By analyzing this data, Hino and her colleagues found that minor floods, 1.73 to 2.03 feet above the threshold, reduced visits by 37% to 38%, while moderate floods, 2.03 to 2.33 feet above the threshold, reduced visits by 63% to 65% and major floods, more than 2.33 feet above the threshold, reduced visits by 88% to 89%. This decrease in visits continued for many hours after the water receded. This finding indicates that, in 2017, high-tide flooding led to the loss of 2,916 visitors to City Dock, or a 1.7% decrease.
“The relationship is clear: higher sea levels mean more high-tide flooding, which means more disruption in these coastal communities,” said Hino.
To supplement their data, the authors also reported on data from the City of Annapolis, which collected daily revenue data from eight of the businesses around the City Dock affected by high-tide flooding and compared revenue on a flood date to the same day in previous years. Flooding decreased revenue by approximately 22.5%, costing the eight businesses studied between $86,000 and $172,000 in revenue that year. The researchers estimated that a 1% loss in visits translated to a 0.61% loss in revenue and that the City Dock businesses lost 0.7 to 1.4% of their annual revenue in 2017 due to high-tide flooding.

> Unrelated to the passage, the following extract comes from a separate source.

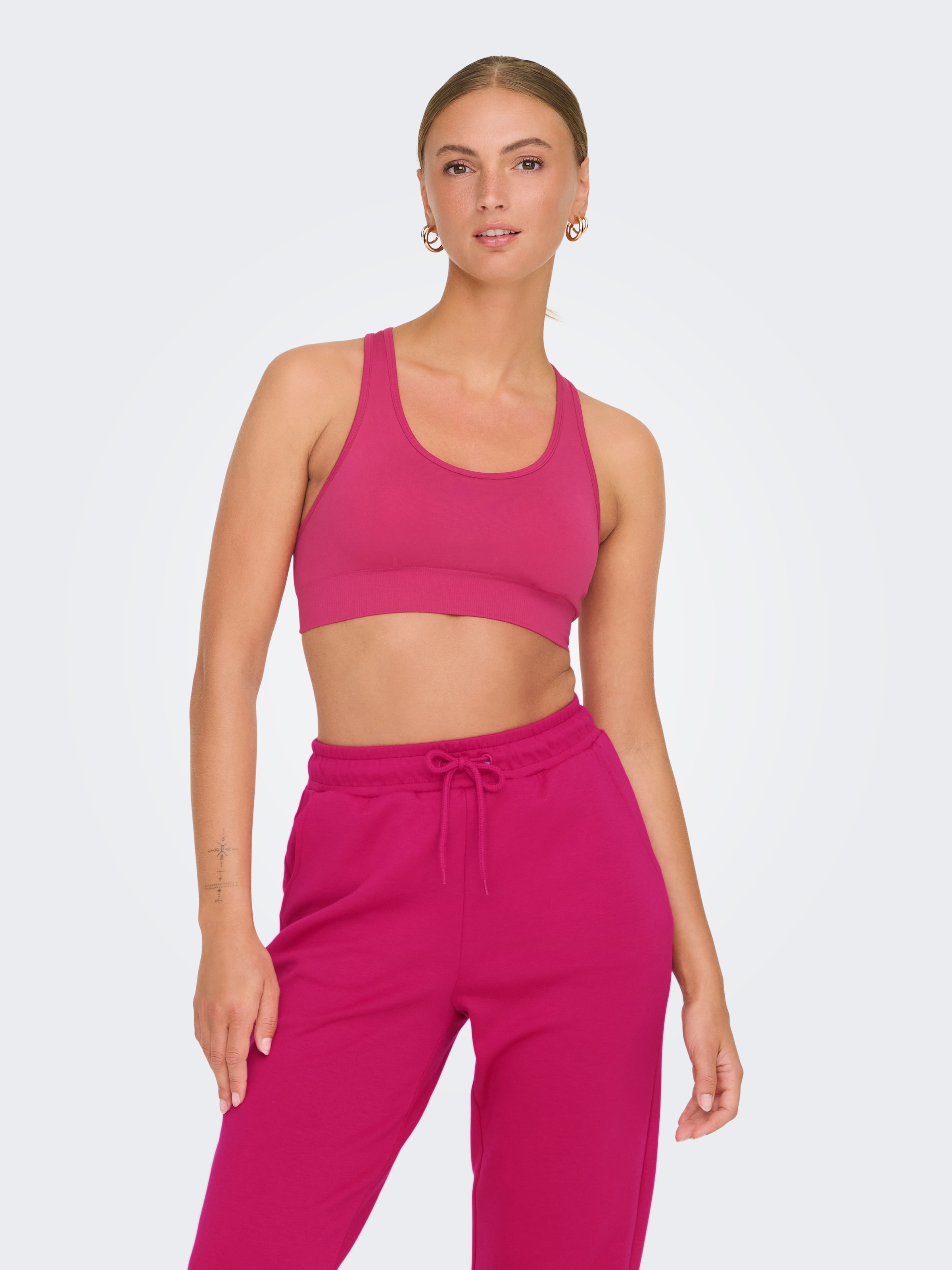 Sport-BH »ONPDAISY SEAM SPORTS BRA - NOOS«, nahtlose Verarbeitung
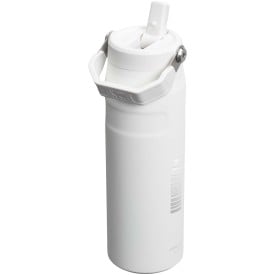 Stanley IceFlow™ 2.0 700 ml waterfles met openklapbaar deksel-Ijswit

To anticipate how the impacts of high-tide flooding are likely to progress in the future, the authors calculated what might happen when sea levels rise higher than 2017 observed water levels. They discovered that just three inches of increased sea level results in around 3,221 lost visits. One-foot sea level rise led to a loss between 28,098 to 45,559 visits at City Dock, their analysis predicted, which is equivalent to a 24% (19 to 28%) decrease relative to a year with no floods.
“Looking forward, these impacts grow very, very quickly,” Hino said at a press briefing Thursday at the 2019 AAAS Annual Meeting.
Future studies should focus on a more complete understanding of high-tide flooding impacts that can help guide investments in drainage infrastructure, pumps and structure elevation and more. In an interview conducted by Samanthe Belanger, a co-author of the paper also from Stanford University, and Hino, a City Dock business representative said of flooding, “We just deal with it. Cross our fingers and hope that sea levels aren’t rising too much.”
Each community’s adaptive measures will vary, Hino added. “It is really going to depend on the local context to know what the right answer is,” she said, requiring coastal communities to decide on a path forward because the impacts of high-tide flooding can already be seen.